BRUXELLES – Senza che nessuno se ne stia accorgendo, l’asse del potere interno dell’Europa si sta spostando. La posizione dominante della Germania, che è parsa assoluta a partire dalla crisi finanziaria del 2008, si sta gradualmente indebolendo - con conseguenze di vasta portata per l’Unione Europea.

Naturalmente il solo fatto che le persone credono che la Germania sia forte rafforza la posizione strategica e lo status del paese. Ma non ci vorrà molto prima che le persone comincino a rendersi conto che il principale fattore di quella percezione - che l’economia tedesca ha continuato a crescere, mentre la maggior parte delle economie dell’Eurozona ha vissuto una lunga recessione - rappresenta una circostanza eccezionale, che presto scomparirà.

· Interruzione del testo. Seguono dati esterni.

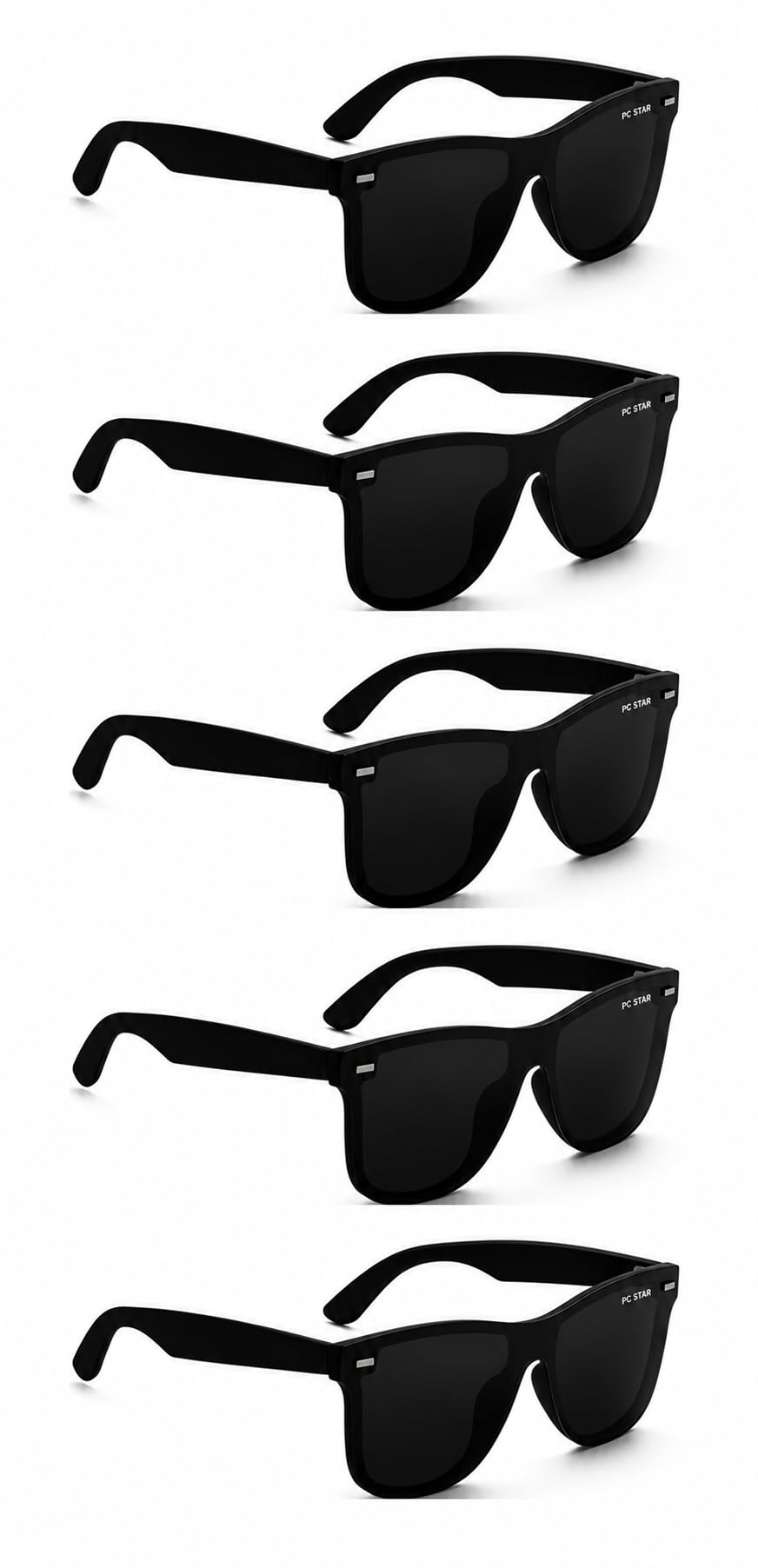 pc star Black Sunglasses for Men & Women – Pack of 5 Classic Square Frame UV400 Protection, Lightweight Stylish Shades for Outdoor, Driving & Daily Wear-picture-37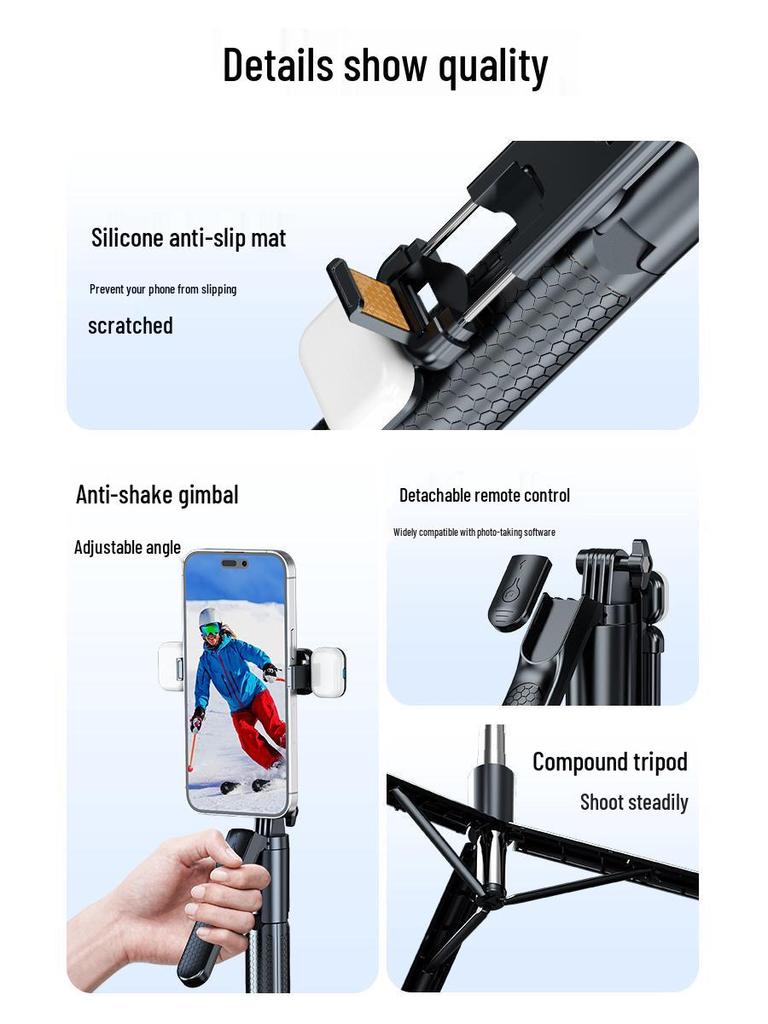 1.7m Anti-Shake Selfie Stick with Bluetooth Remote, Stabilizer, Telescopic Frame, Fill Light, and Mobile Holder for Live Streaming.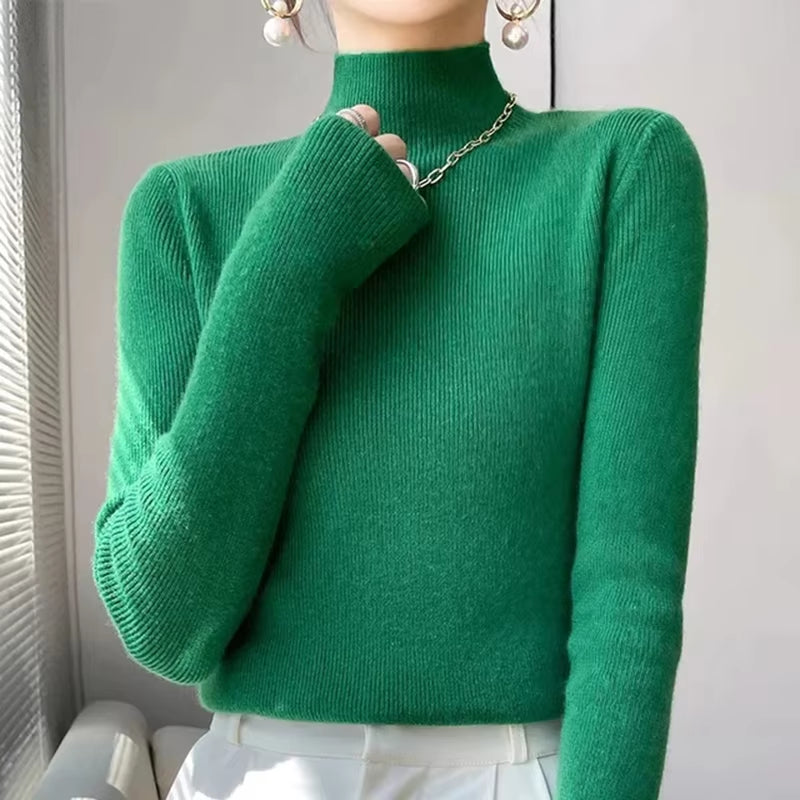 Solid Sweater Women Half Turtleneck Knitted Pullovers Harajuku Korean Thick Knitwear Autumn Winter Fashion Slim Jumpers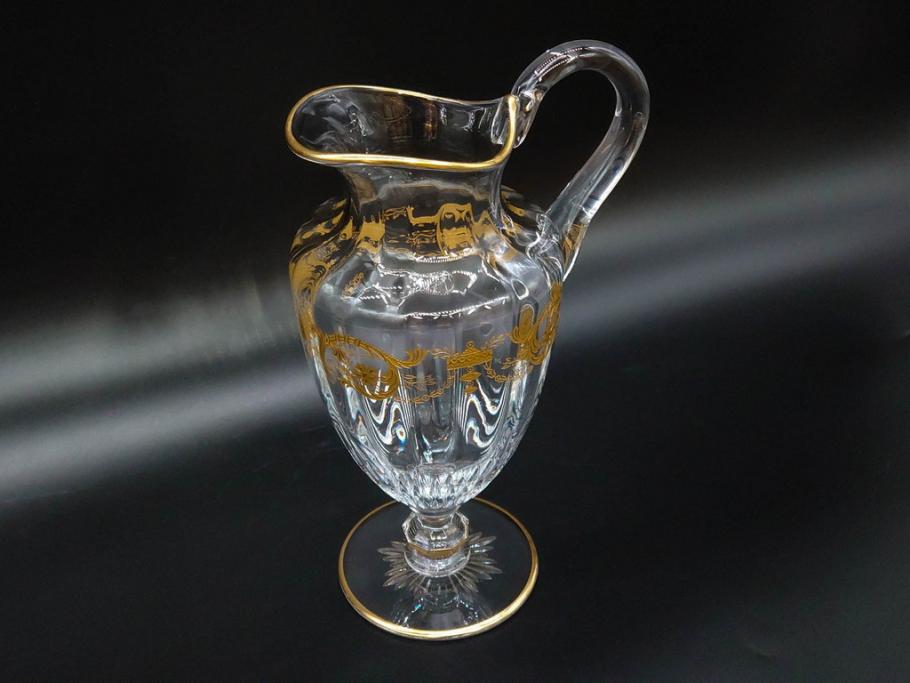 フランス　Baccarat　バカラ　金彩　気品あふれるピッチャー(ジャグ、水指し、ピッチャー、フルレッドクリスタルガラス)(R-081303)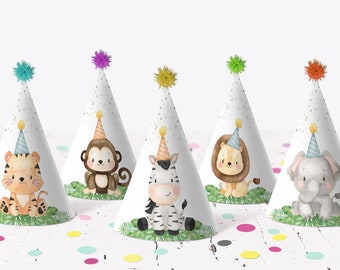 サファリパーティーハット、サファリ動物の男の子の誕生日デコレーション、印刷可能な子供の誕生日パーティーハット、ジャングルパーティーの装飾、即時ダウンロード - 35E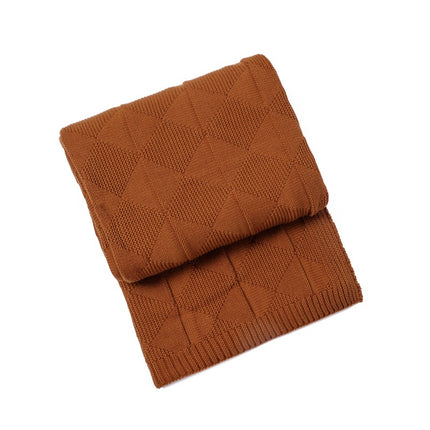 Caramel Cozy Lightweight Acrylic Knit Throw Blanket - Diamond Waffle Texture for Sofa, Bed & Travel.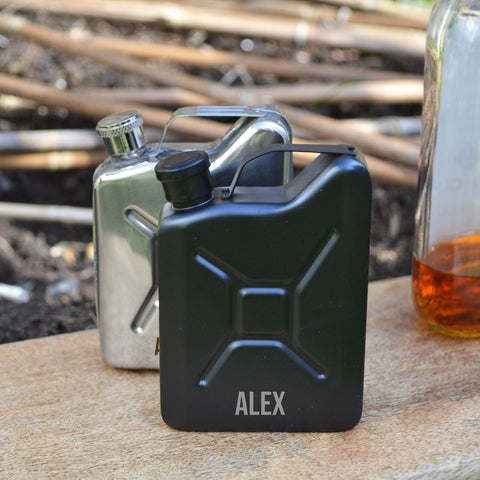 Jerry can personalised hip flask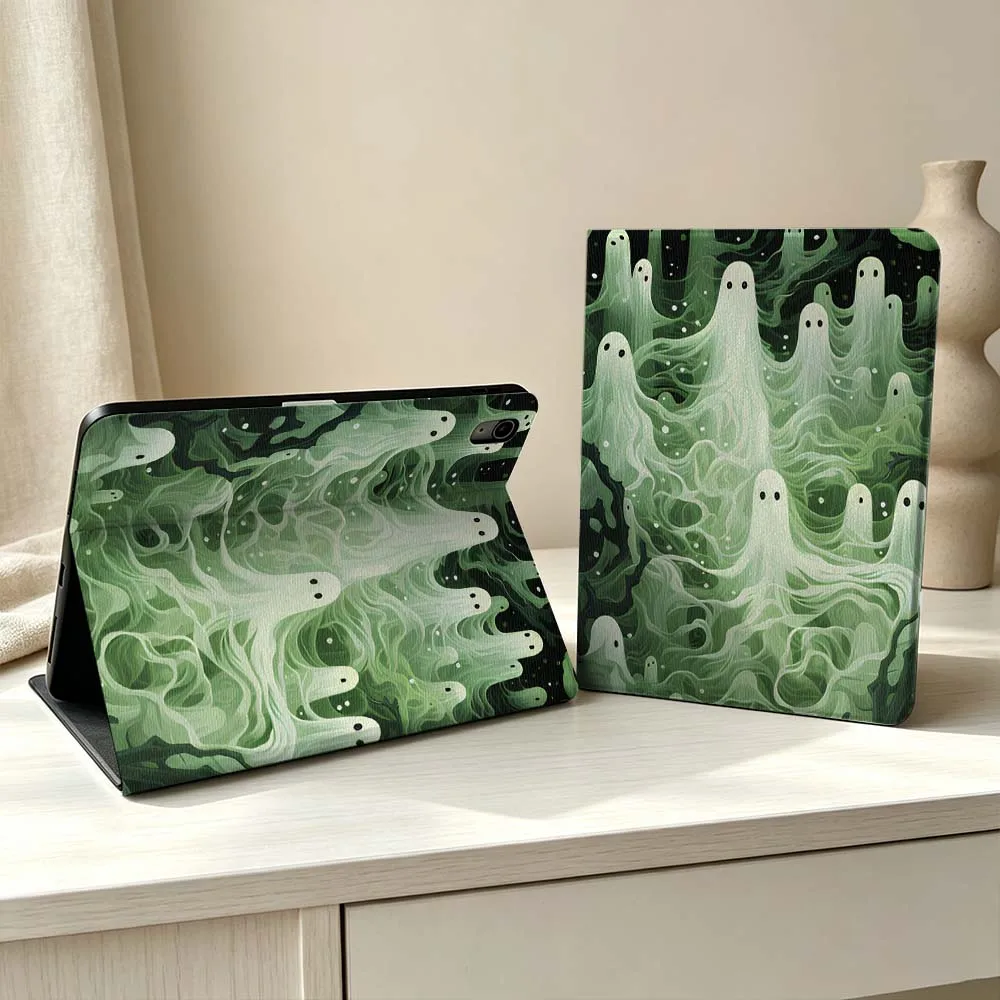 Cartoon Ghost Group For iPad Pro Air mini 7 6 5 4 3 2 1 M5 M4 M3 11th 10th A17 Pro A16 A14 Soft Pen Tray Tablet Case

In 12 degli ultimi 20 anni, il tasso di crescita della Germania è stato inferiore alla media degli altri tre maggiori stati dell’Eurozona (Francia, Italia e Spagna). Anche se la crescita della Germania ha visto un’impennata nel periodo post-crisi, come mostra il grafico, il Fondo Monetario Internazionale prevede che scenderà al di sotto della media dei tre paesi - e di gran lunga al di sotto della media dell’Eurozona, che comprende i più piccoli paesi a elevata crescita dell’Europa centrale e dell’est - entro cinque anni.